Additionally, the updated merger policy guide clearly establishes collaboration with regulatory agencies as a best practice when mergers involve firms in regulated industries. Further, the guidelines note the importance of Division awareness of the approaches of international and state antitrust authorities in order to promote cohesive remedies, to the extent practicable.

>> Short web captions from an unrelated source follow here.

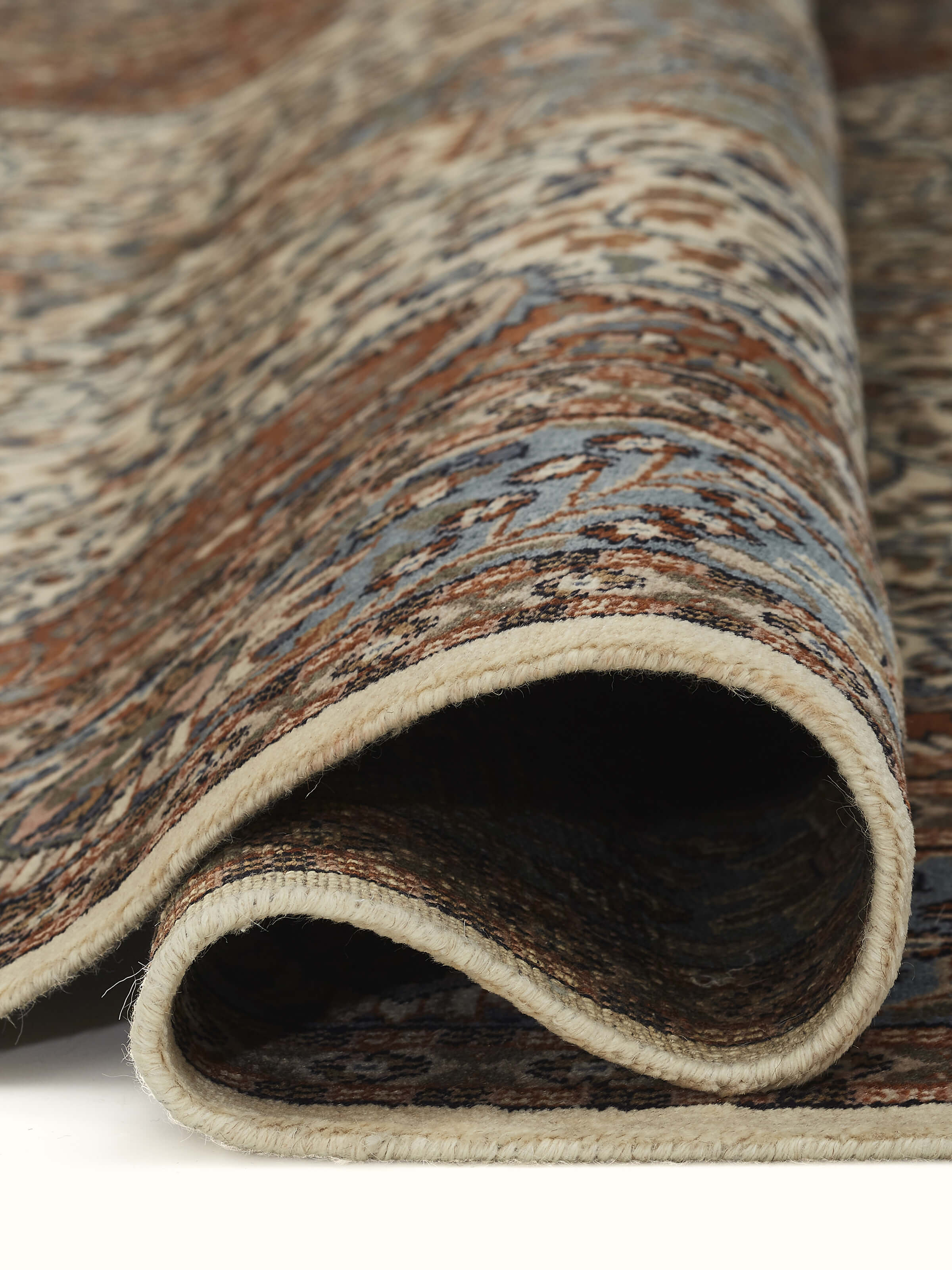 A corner of the carpet highlights the fine border design and weaving precision.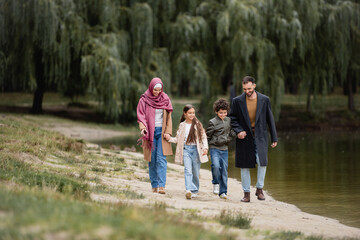 Fototapeta premium Smiling muslim kids walking near parents and lake in park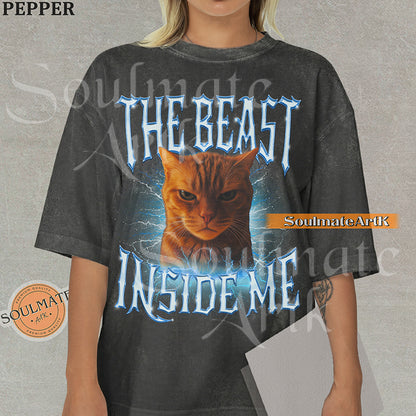 Graphic of an intense orange cat surrounded by blue lightning with bold metallic text reading THE BEAST INSIDE ME on a washed pepper shirt.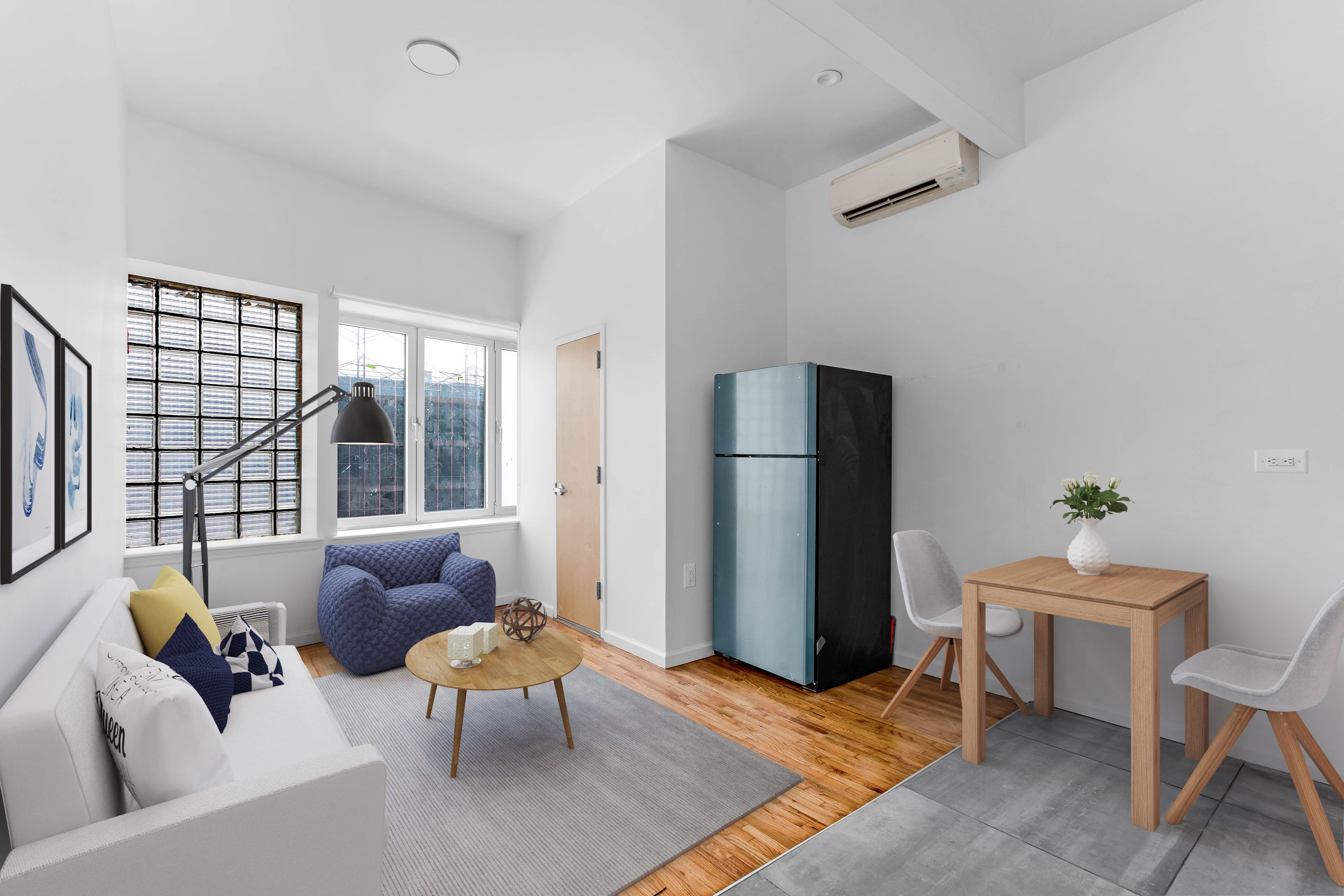 a living room with furniture and a window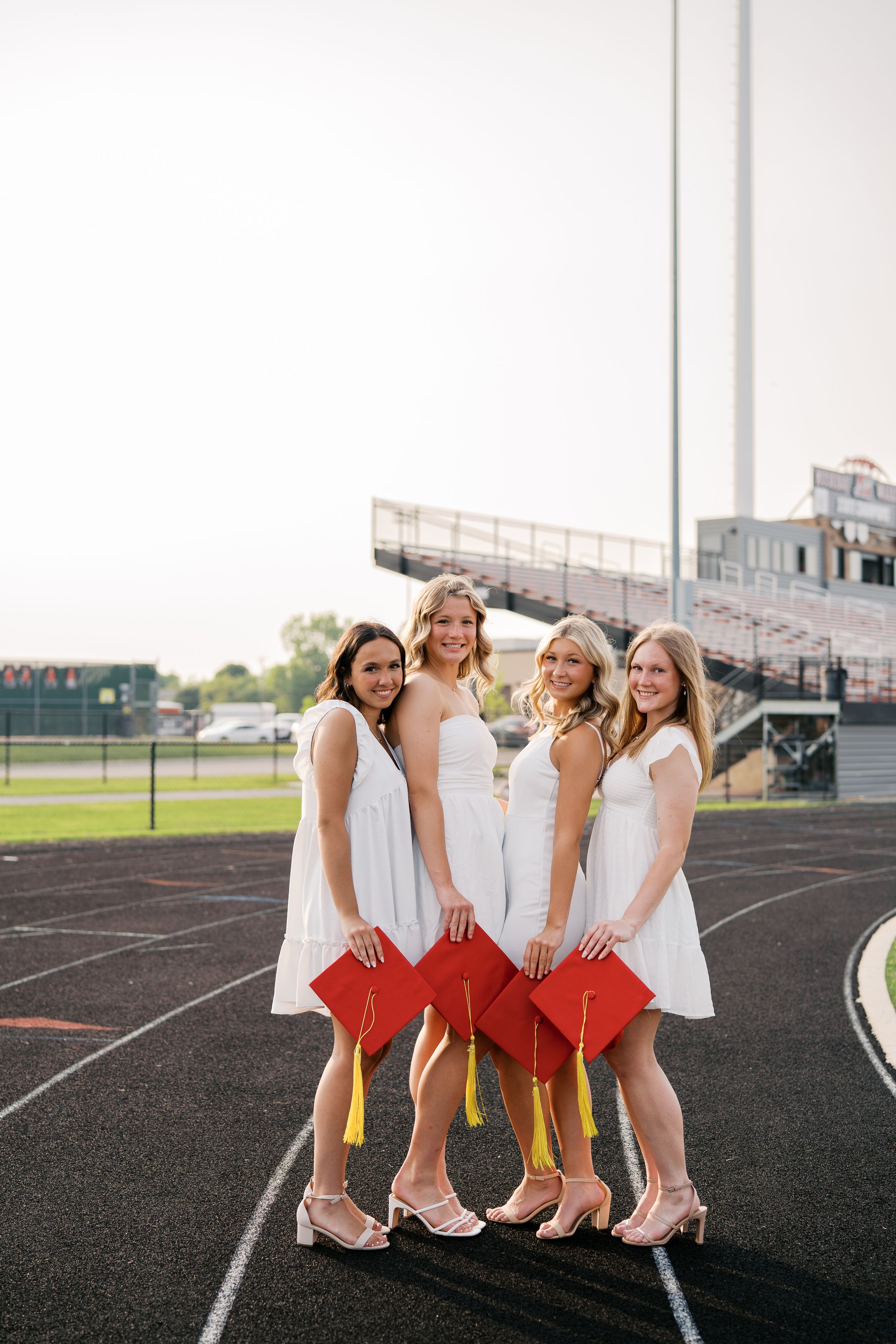 Friends in coordinated white and red outfits laugh together while posing on an outdoor running track.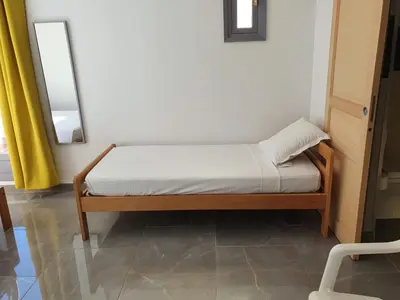 a small bed in a room with a mirror at Les Sables Blancs de la Liscia in Calcatoggio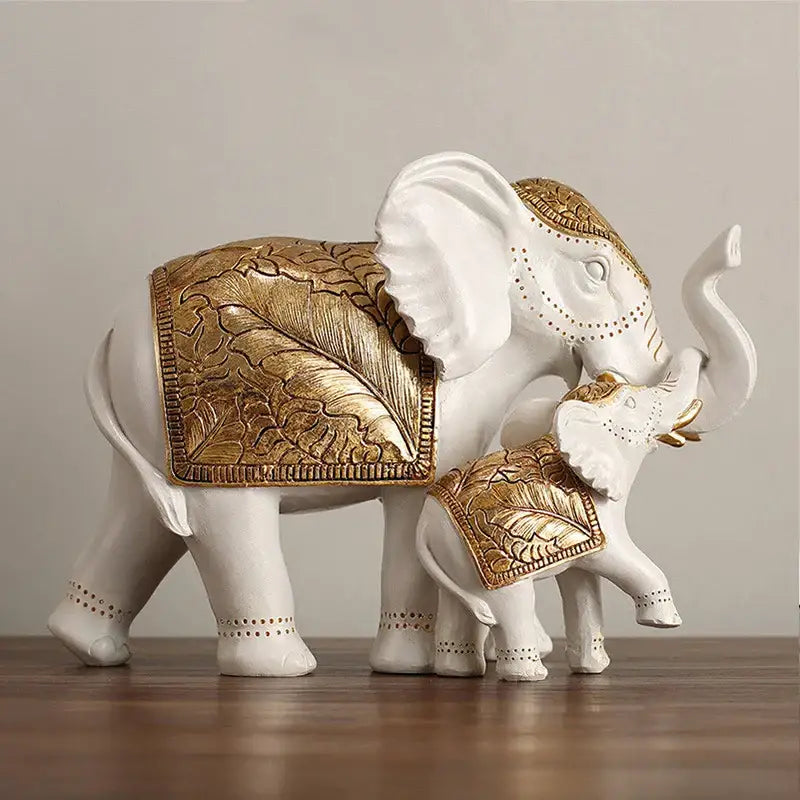 White and gold elephant sculpture figurine with intricate gold leaf saddles for elegant living room decor
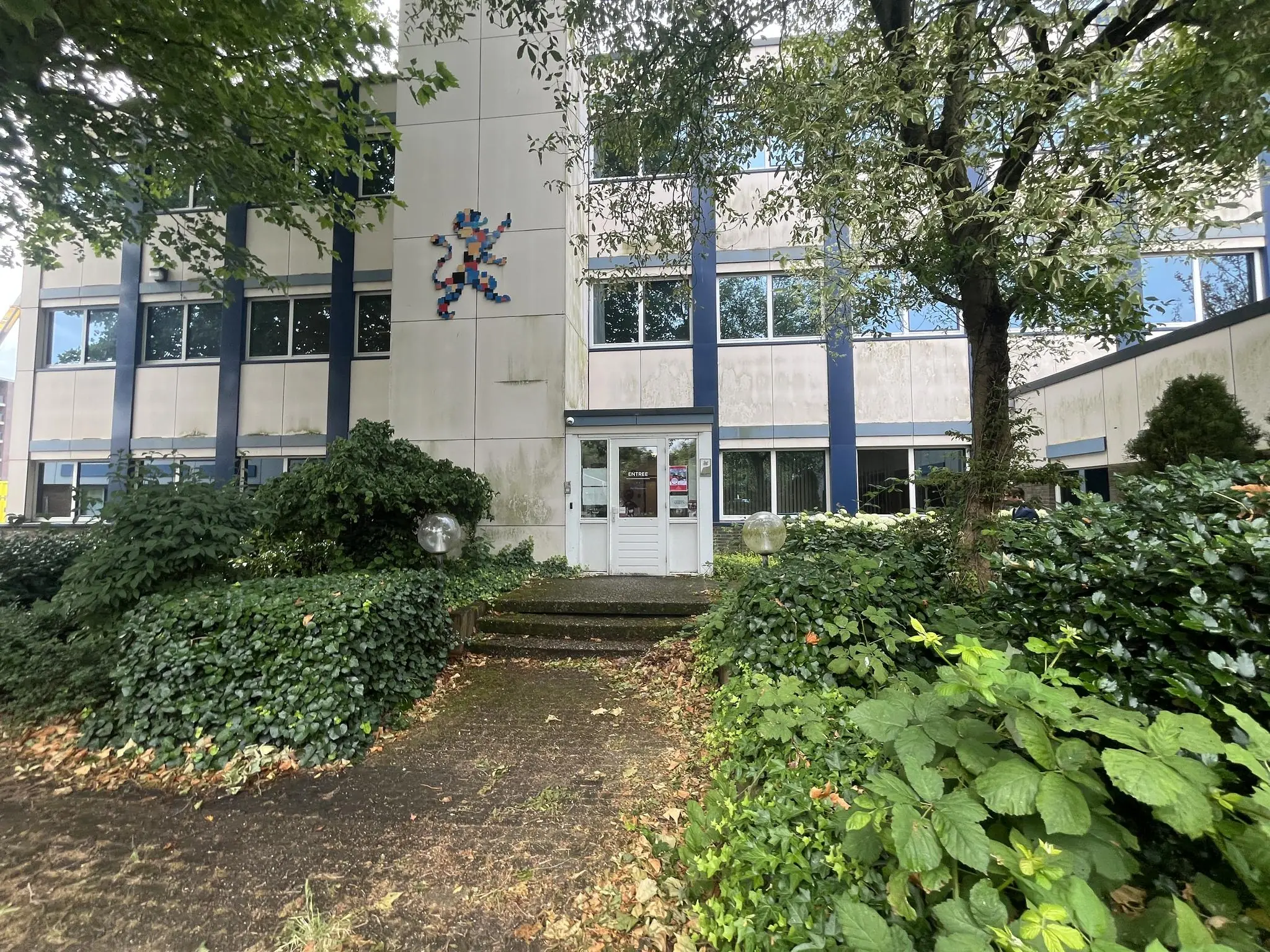 Vooraanzicht van een kantoorgebouw aan de 2e Daalsedijk, omgeven door groen met een kleurrijk mozaïek op de gevel.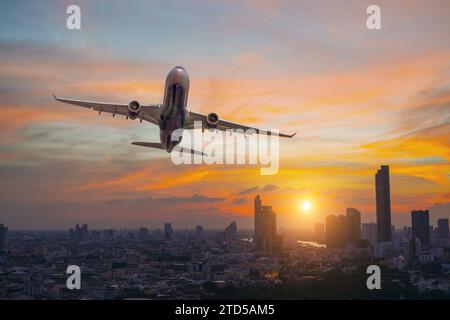 Aereo commerciale che sorvola la città con i grattacieli all'ora d'oro del tramonto Foto Stock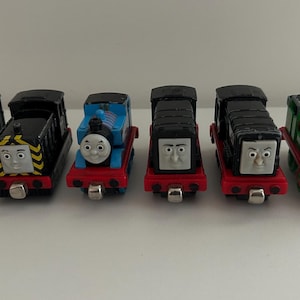 May include: A collection of six small toy train engines arranged in a row. The set includes two black engines with yellow hazard stripes, a blue engine with a face, two black engines with grey faces, and one green engine with a face.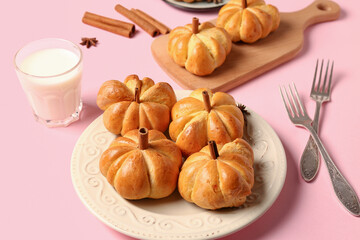 Tasty pumpkin shaped buns and glass of milk on pink background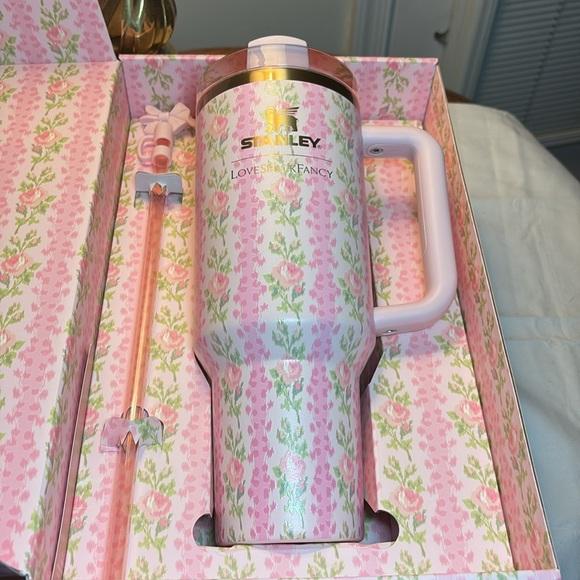 A pink floral Stanley tumbler with a handle and lid, displayed inside its matching pink floral gift box next to a matching straw.
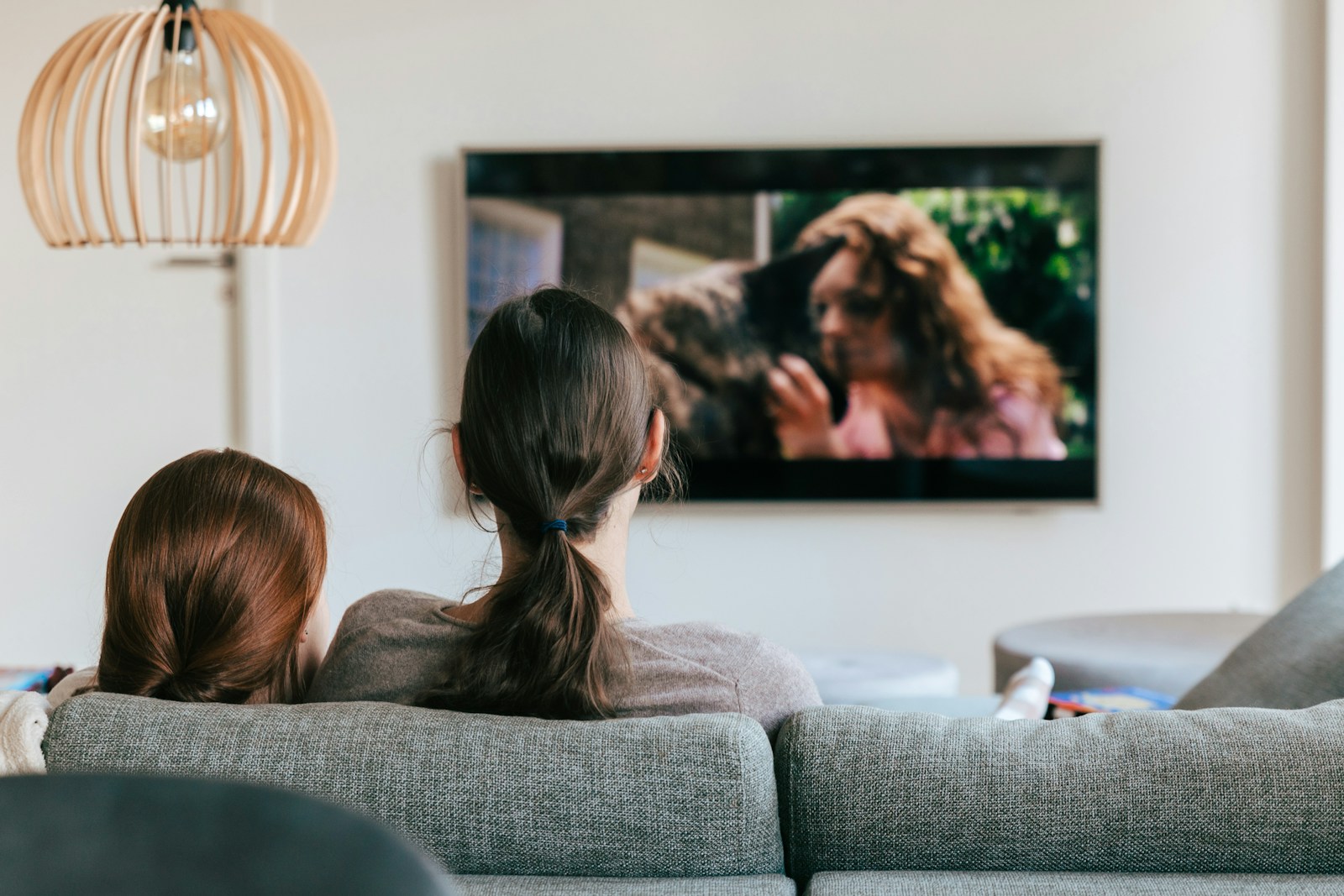 People watching a movie together on a couch in front of a television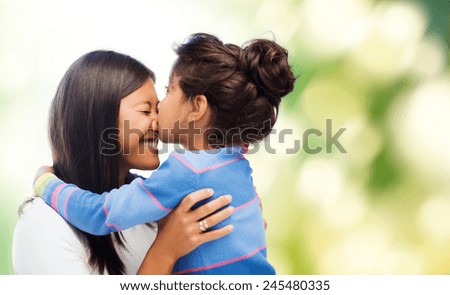 family, children and happy people concept - happy little girl hugging and kissing her mother over green background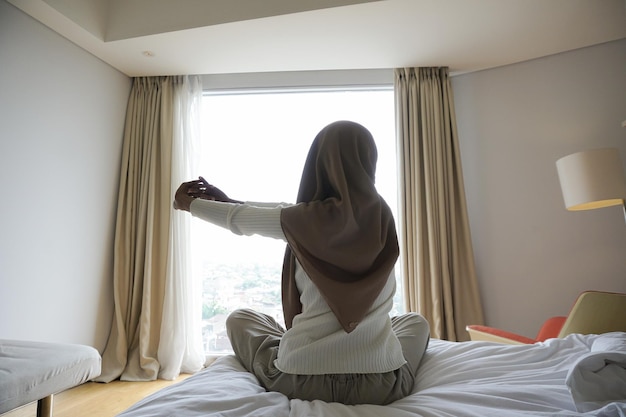 Donna che apre le tende in camera da letto al mattino per fare stretching del corpo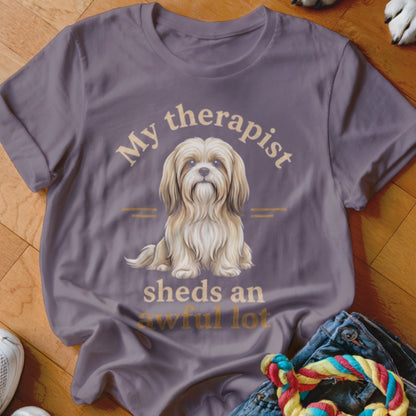 T-shirt with a fluffy dog illustration and text "My therapist sheds an awful lot".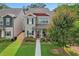 Charming two-story home featuring a welcoming front porch, well-manicured lawn, and lush landscaping at 4571 Academy St, Acworth, GA 30101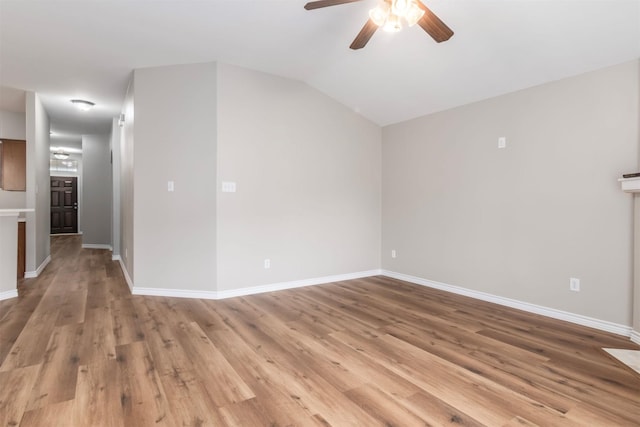 unfurnished living room featuring vaulted ceiling, light hardwood / wood-style floors, and ceiling fan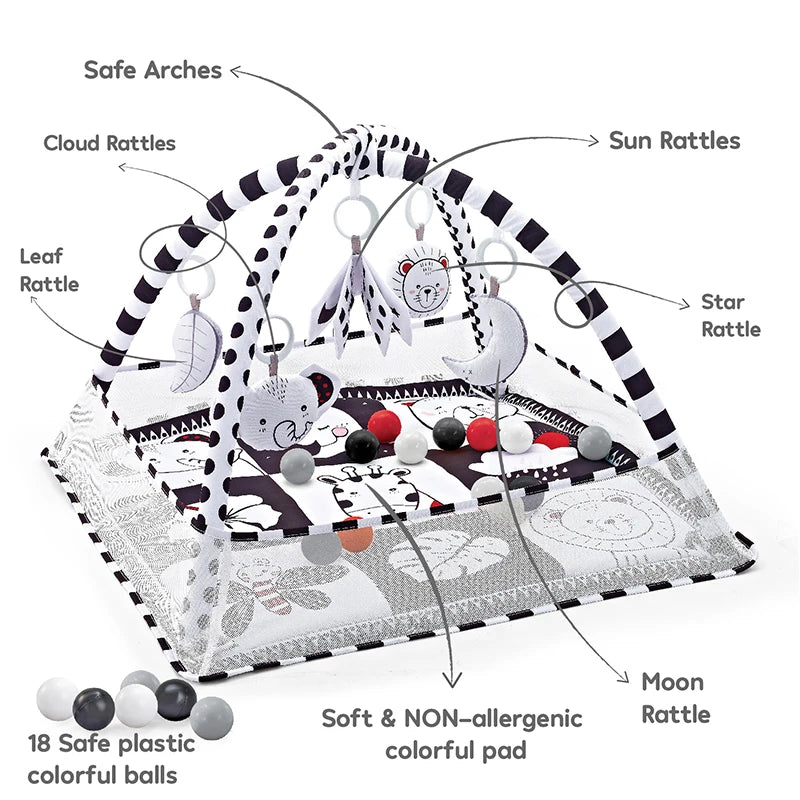 A baby play gym featuring safe arches and various rattles including cloud, sun, star, and moon rattles on a colorful pad.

Finally, the updated merger policy guide introduces a major organizational change in the Division. Now, the Division’s Office of the General Counsel has primary responsibility for enforcing Division decrees. The Office directly oversees the ongoing compliance review and evaluation of potential decree violations by the Division’s litigating sections and makes recommendations to the Assistant Attorney General of the Division. Previously the responsibility for enforcing merger remedies lay with the Division’s civil sections according to the allocation of industries or commodities among those sections. This change represents an effort to concentrate and develop remedy expertise. The new approach is also more closely in line with the historical division of responsibilities at the Federal Trade Commission.